En el siglo XIX existió en Inglaterra en controvertido político, dos veces Primer Ministro, que acuñó por vez primera una de las frases que todavía aplica en política exterior. Lord Palmerston decía que las naciones no tienen amigos ni enemigos permanentes, solo intereses.
La frase tiene su vigencia, aunque nadie se atreva ahora a pronunciarla y, no obstante la actual organización de la comunidad internacional, contiene una idea que por muy lapidaria que parezca, quién no la tome en cuenta, corre el riesgo de ser lapidado por ingenuo.
Esto viene a cuento porque, si bien siempre es bueno reafirmar nuestra causa opositora ante gobiernos amigos, haría falta también hacer un acercamiento con países simpatizantes del régimen.
A estos países, ya no les conviene un gobierno decrépito, que no puede cumplir sus compromisos, una población depauperada por la hiperinflación, ni una economía exangüe sin ninguna perspectiva, por cuanto está cada vez más empecinado en reiterar sus propios errores y fechorías, que en buscar soluciones que no sean fantasiosos delirios.
En tales circunstancias, es lógico que esos países comiencen a recelar y presten oídos a nuestro planteamiento, si atisban que sus intereses no se van a descalabrar con un retorno a la normalidad, lo que seguramente si acontecería con la debacle actual.
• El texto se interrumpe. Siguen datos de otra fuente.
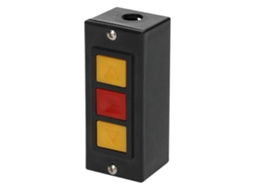 Abridor De Porta Garagem, Caixa De Interruptor Rolete Elétrico Para Porta, Interruptor De Botão Oculto Montado C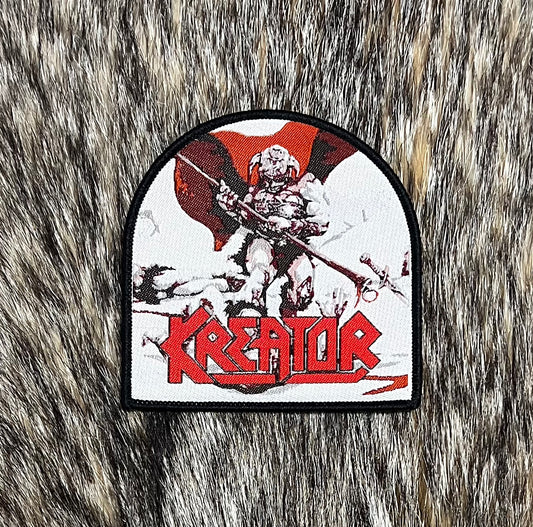 Kreator - Demon Arch Patch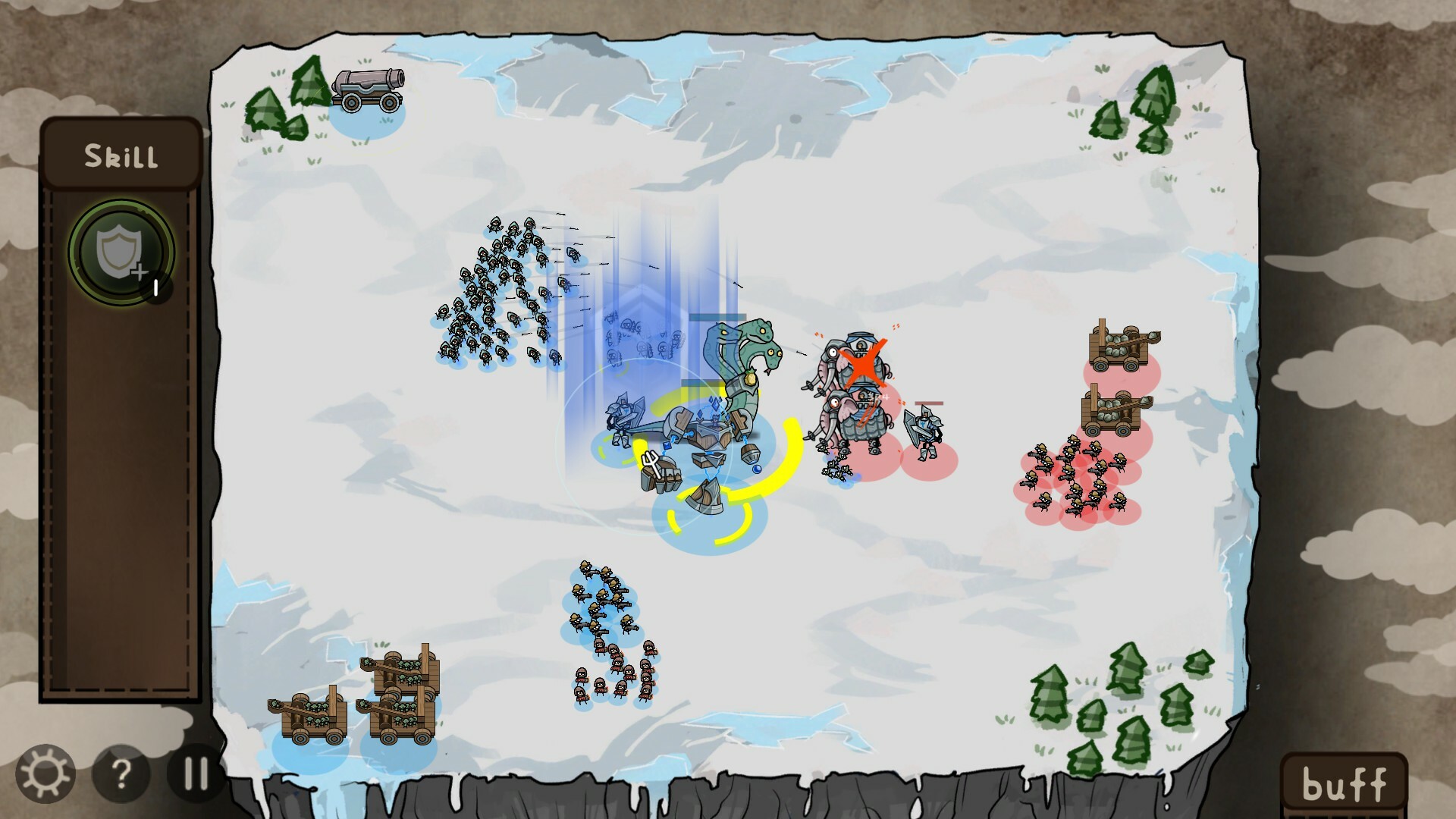 神选战争/Chosen War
Para este grupo, algunos de mucho peso en el concierto internacional, les cuadraría que se restaure el orden, se propicie la calma y se recupere la economía, pues sus intereses estarían mejor salvaguardados, en un país enrumbado de nuevo a la prosperidad.
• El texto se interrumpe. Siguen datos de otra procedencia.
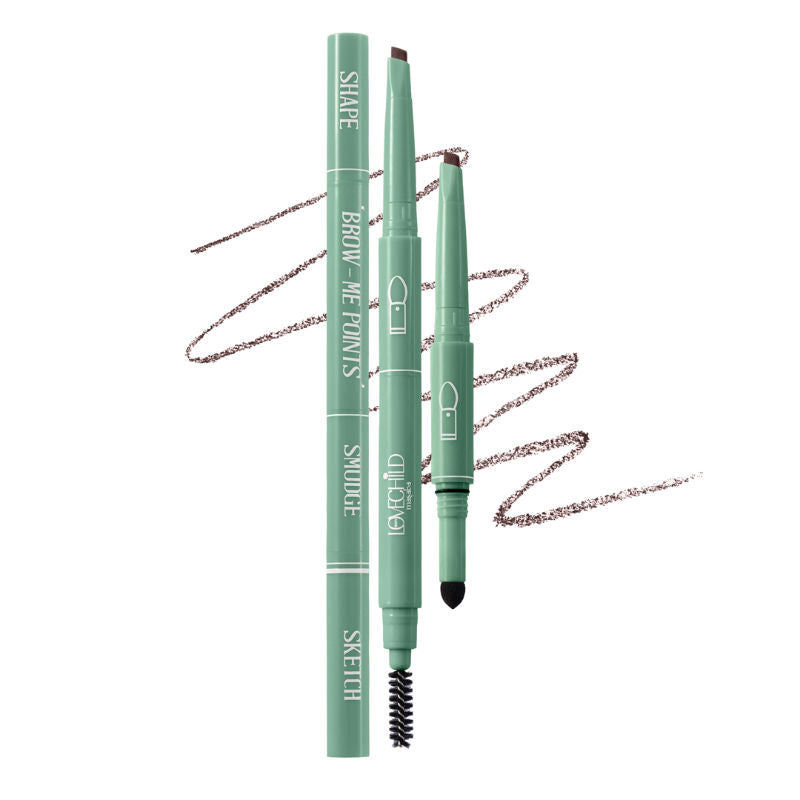 Brow Me Points Brow Pencil - Chocolate Ganache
Los países que reciben nuestra cooperación, la cual tendría que acabar de seguirse el actual derrotero, deben tener presente que la mejor garantía de continuidad, es ayudarnos a superar este trance malhadado.
No se debe predicar solo a los que comparten nuestro credo, la ardua labor misionera es con quienes todavía no lo conocen, para tratar de persuadirlos que su interés permanente está más bien cerca de nosotros.